Thursday, September 28, 2017

Letting Go

Letting Go
By Michael Cannata  





He sat alone on her bed, holding her favorite stuffed toy tightly against his heart. He could still see her face so clearly; the face of a little girl nowhere to be found.

His little girl, his first born, had vanished over six years ago. On the short walk home from school she simply disappeared. A search that began at her front door and stretched clear across the nation, had failed to find the slightest trace of her. All he had left of her was here in this room.

He and his wife had left it exactly as it was the day she went missing. His wife used to come here with him. They waited for years hoping that, against all odds, she would come home someday. They would wish, pray, cry and cling to each other, desperately hoping she would return, as desperately as he clung to her memory now. Over the years, what had started out as a symbol of hope, silently morphed into a loving memorial. Gradually, it changed into a shrine of sorrow.

As the years passed and her hope faded, his wife refused to enter it anymore. Each time she did, she would experience too much hurt and lose too much hope. It wasn’t until he realized that the pain that had settled into his wife’s eyes when her daughter disappeared, had been replaced by a different pain, the pain she suffered as she watched her husband slowly slipping away as well, that he began to notice how much his refusal to give up was destroying his family. When he saw the pain his grief had caused, he knew the time had come.

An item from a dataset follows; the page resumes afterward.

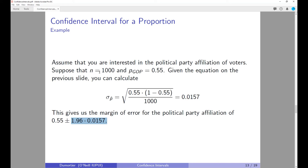Note that if the sample size declines, the margin of error term gets larger and hence the margin of error increases. I have seen polls online with a very wide margin of error of close to plus or minus 5 percent, and when you look at the sample size, it is sometimes around 500 — a very small sample size, and hence a very large margin of error.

He had always loved to sit and talk with his children. Feeling abandoned, his kids had stopped talking with him years ago. They had finally realized that he didn’t talk to them anymore. He only talked at them. And it was always about her. It was as if he was so obsessed with the fact that she was gone that he had forgotten that they were still here. And that they needed him still.

Finally, even if it meant leaving him behind as well, his wife, his family told him they were ready to move on with their lives together and salvage what happiness it held for them, His wife told him she planned to leave with them. She had given up hope that she would ever get her daughter back. It was destroying her knowing that she would lose her husband as well.

She kissed him gently and left him in her room. She told him she would wait at her parent's home with the kids. Wait until he decided whether he would return to the family he had, or forever mourn for the family that once was.

Despite the fact that he felt he could never give up hope, he knew in his heart finding his daughter was a hopeless cause. Slowly, reluctantly, he began to pack her things away. His son would need a room of his own when he brought them back home. He had to let go of all hope of saving her, if he was to have any hope of saving what was left of his family.


Heartbroken, he knew what he had to do. Reluctantly, he steeled himself against the task. And for now, for one more moment, alone with her things for the last time, he would clutch the tiny toy closer to his heart for just a while longer before finally letting go forever.